- _Given data_:
---
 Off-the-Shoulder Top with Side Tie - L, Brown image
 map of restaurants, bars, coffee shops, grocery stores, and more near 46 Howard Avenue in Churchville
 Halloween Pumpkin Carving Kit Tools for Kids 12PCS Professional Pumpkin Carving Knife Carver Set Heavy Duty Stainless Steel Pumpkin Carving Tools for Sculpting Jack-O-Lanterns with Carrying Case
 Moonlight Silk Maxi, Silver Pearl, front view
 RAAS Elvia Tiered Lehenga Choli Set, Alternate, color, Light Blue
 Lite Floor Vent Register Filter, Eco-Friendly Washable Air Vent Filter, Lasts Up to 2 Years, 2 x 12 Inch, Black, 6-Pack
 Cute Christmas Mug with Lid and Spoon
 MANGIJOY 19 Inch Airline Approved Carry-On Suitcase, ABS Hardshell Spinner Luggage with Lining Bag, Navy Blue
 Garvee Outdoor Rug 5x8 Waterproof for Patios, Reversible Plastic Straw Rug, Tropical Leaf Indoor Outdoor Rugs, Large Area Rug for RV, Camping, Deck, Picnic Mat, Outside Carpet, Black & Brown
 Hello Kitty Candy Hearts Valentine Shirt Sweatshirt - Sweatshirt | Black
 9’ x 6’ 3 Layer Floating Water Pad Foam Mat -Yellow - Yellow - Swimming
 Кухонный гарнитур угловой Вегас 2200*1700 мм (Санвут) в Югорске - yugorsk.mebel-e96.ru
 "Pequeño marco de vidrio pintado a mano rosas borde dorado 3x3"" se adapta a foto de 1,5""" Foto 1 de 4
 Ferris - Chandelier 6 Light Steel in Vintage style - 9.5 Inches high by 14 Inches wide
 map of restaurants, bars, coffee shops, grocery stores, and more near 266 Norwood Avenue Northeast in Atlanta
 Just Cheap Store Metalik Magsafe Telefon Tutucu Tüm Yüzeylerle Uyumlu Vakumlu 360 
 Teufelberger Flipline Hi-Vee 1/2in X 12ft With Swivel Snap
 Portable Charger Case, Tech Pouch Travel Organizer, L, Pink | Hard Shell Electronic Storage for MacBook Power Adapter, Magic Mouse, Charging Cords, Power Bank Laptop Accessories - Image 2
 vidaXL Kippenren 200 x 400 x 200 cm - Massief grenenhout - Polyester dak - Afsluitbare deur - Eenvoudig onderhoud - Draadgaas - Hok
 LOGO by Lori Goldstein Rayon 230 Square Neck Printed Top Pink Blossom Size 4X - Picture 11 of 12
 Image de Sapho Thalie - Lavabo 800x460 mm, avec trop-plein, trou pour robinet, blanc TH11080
---
- _Exercise aim_: The first line of the listing above through the line containing "Halloween Pumpkin Carving": print exactly that, both ends included.

- _Finished task_:
 Off-the-Shoulder Top with Side Tie - L, Brown image
 map of restaurants, bars, coffee shops, grocery stores, and more near 46 Howard Avenue in Churchville
 Halloween Pumpkin Carving Kit Tools for Kids 12PCS Professional Pumpkin Carving Knife Carver Set Heavy Duty Stainless Steel Pumpkin Carving Tools for Sculpting Jack-O-Lanterns with Carrying Case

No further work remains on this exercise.